Algorithms cheatsheet

Here goes a list of useful and common algorithms explained in a way that is easy to understand and beside their names I have written their average case runtimes. Reading this article should give you insights about which algorithm to use and how to implement it. If a programmer could be a wizard then the algorithms would be the spells, the more you know, the more tricks you can do.

Binary search (O(log2(n)), works in place)

Let n = size of the array.
Let min= 0 and max=n-1.
If max<minthen stop, the target is not present in the array, return -1.
Calculate guess as floor((max + min) / 2).
If array[guess] equals the target then stop, you found it, return guess.
If array[guess]<thetarget then set min=guess+ 1and jump to step 8.
if array[guess]> the target then set max=guess- 1.
Go back to step 3.

Uniform binary search (O(log2(n)), works in place)

Let sizeArray be the size of the array we will search, now calculate the size of the lookup table with the formula size = ceil(log2(sizeArray)) + 1.
Now let i = 1.
Add the element Delta(i) = floor(sizeArray + 2 ^ (i - 1)) / 2 ^ i to the lookup table called midpoints.
Let i += 1 and if i > size then go to step 6.
Go back to step 3.
Then let i = 0 and mid = midpoints[0] - 1, you decrement 1 to make up for the fact they were calculated starting at 1 and not at 0.
If mid < 0 or mid >= sizeArray then the element is not here, return -1.
If array[mid] is equal to the target then return mid, you've found it.
If i equals size - 1 then we've reached the end of the midpoints and therefore the element isn't here, return -1.
If array[mid] < the target then let mid += midpoints[i + 1], otherwise let mid -= midpoints[i + 1].
Increment i and go back to step 7.

XOR swap (O(1), works in place)

Remember the word BABA.
B ^= A; A ^= B; B ^= A;
This is it, the values of A and B have been swapped.
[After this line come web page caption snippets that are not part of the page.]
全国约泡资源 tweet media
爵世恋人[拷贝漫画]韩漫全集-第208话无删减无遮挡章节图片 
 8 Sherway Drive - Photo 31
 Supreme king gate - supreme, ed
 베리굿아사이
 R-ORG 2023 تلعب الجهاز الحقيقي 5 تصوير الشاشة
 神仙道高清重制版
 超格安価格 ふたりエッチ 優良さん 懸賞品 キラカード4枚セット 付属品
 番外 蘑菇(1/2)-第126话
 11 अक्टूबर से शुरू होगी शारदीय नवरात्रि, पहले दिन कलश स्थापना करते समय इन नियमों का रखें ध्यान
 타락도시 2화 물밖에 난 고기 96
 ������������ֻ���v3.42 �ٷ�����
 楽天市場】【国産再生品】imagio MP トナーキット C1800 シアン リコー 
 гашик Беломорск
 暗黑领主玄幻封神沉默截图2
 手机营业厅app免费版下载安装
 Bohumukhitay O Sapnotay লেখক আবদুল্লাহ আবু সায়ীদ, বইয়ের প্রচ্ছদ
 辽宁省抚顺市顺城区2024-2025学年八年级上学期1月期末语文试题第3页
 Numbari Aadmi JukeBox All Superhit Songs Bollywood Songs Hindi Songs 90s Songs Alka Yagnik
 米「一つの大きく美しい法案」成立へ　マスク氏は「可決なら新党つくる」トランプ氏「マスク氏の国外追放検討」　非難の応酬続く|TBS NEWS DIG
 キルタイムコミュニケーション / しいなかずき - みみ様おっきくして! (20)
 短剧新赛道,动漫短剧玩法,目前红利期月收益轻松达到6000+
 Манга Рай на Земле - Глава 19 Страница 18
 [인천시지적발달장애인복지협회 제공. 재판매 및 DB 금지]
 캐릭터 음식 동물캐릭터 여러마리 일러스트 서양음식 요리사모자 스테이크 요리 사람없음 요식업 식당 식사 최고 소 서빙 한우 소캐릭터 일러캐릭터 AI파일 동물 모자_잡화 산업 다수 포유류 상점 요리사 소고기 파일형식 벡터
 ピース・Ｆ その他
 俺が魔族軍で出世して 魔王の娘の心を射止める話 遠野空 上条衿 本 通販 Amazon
This algorithm has no advantages whatsoever over the traditional swap methods.

Deterministic quick sort (theta(nlog2(n)), works in place)

Call the function with the array passed by reference, create a variable begin = the index of the first element of the array and a variable end = index of the last element of the array.
Take the element array[end] as the pivot.
Create a variable called boundary = begin and another one called u = begin.
If u = end then skip to step 7.
If array[u] <= array[end] then swap array[u] with array[boundary] and increment boundary.
increment u and go back to step 4.
Swap array[end] with array[boundary].
If boundary > begin + 1 then call this quick sort function recursively with parameters (array, begin, end = boundary - 1).
If boundary < end - 1 then call this quick sort function recursively with parameters (array, boundary + 1, end).

Randomized Quick sort (theta(nlog2(n)), works in place)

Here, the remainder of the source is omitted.